◆ **Exercise goal**: Go through the listing below, and from the line containing "Nolon Nout-Mae Bureaustoelen" through its last line, transcribe every line exactly, skipping pictures.

◆ **Supplied material**:
────────────────

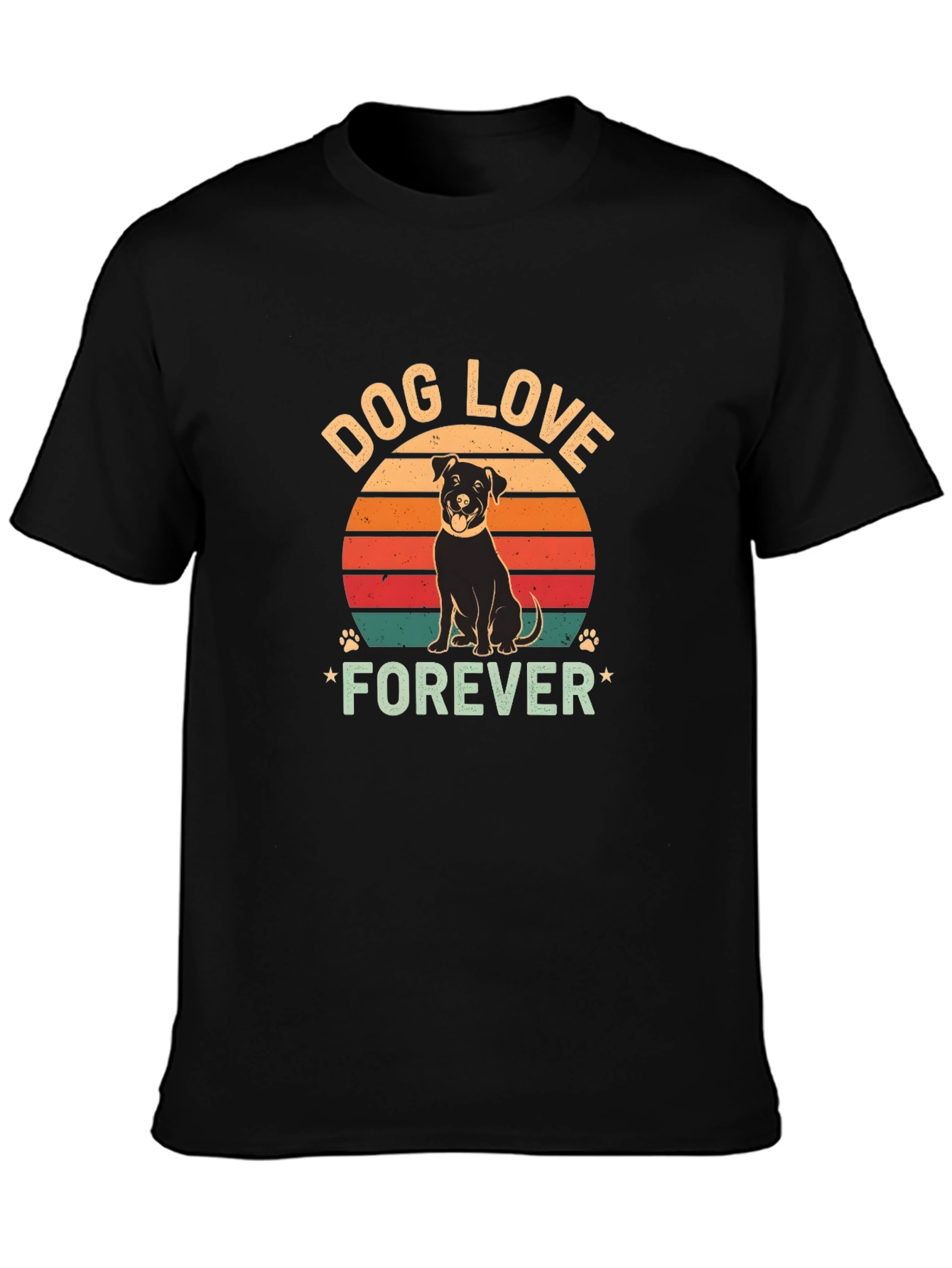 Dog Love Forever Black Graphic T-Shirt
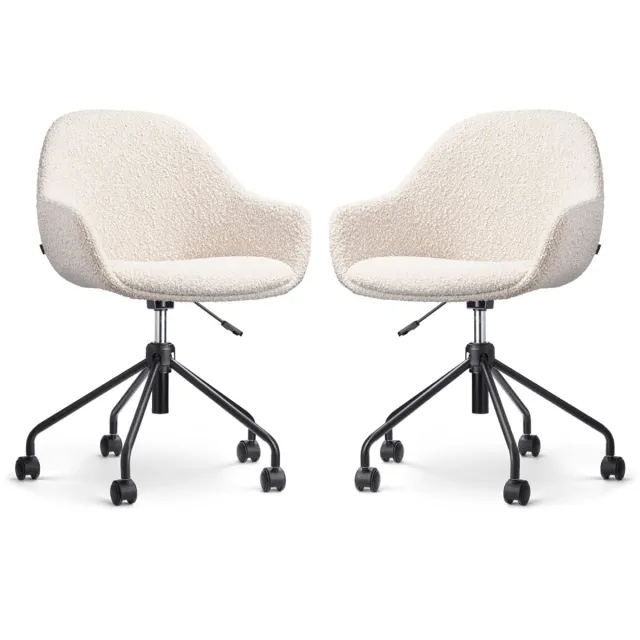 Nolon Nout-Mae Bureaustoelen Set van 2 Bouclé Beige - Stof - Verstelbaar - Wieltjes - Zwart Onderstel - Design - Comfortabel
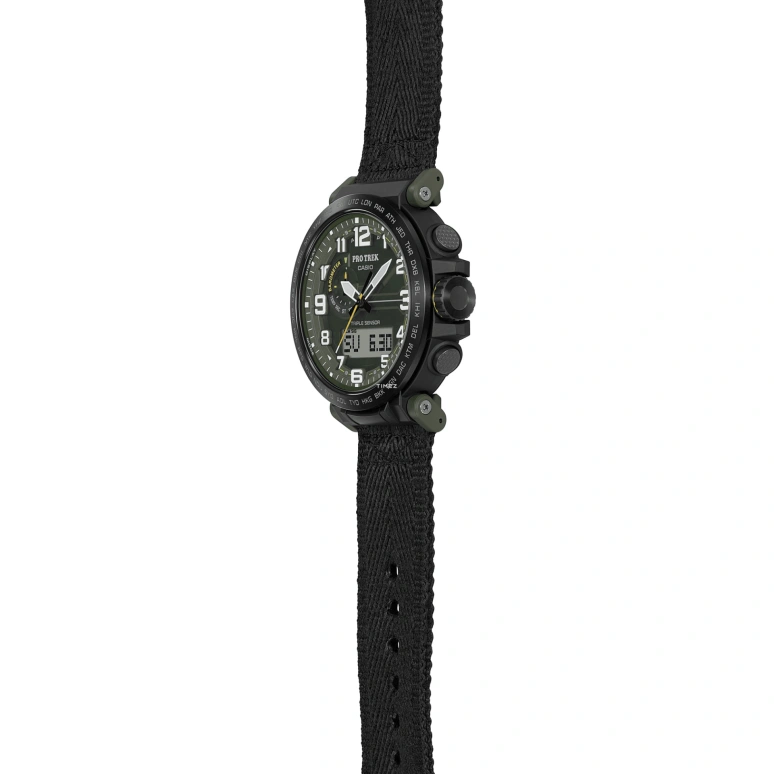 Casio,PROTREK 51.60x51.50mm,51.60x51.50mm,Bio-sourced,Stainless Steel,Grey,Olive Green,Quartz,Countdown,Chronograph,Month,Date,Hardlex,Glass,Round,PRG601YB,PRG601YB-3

────────────────

◆ **Written reply**:
 Nolon Nout-Mae Bureaustoelen Set van 2 Bouclé Beige - Stof - Verstelbaar - Wieltjes - Zwart Onderstel - Design - Comfortabel
 Casio,PROTREK 51.60x51.50mm,51.60x51.50mm,Bio-sourced,Stainless Steel,Grey,Olive Green,Quartz,Countdown,Chronograph,Month,Date,Hardlex,Glass,Round,PRG601YB,PRG601YB-3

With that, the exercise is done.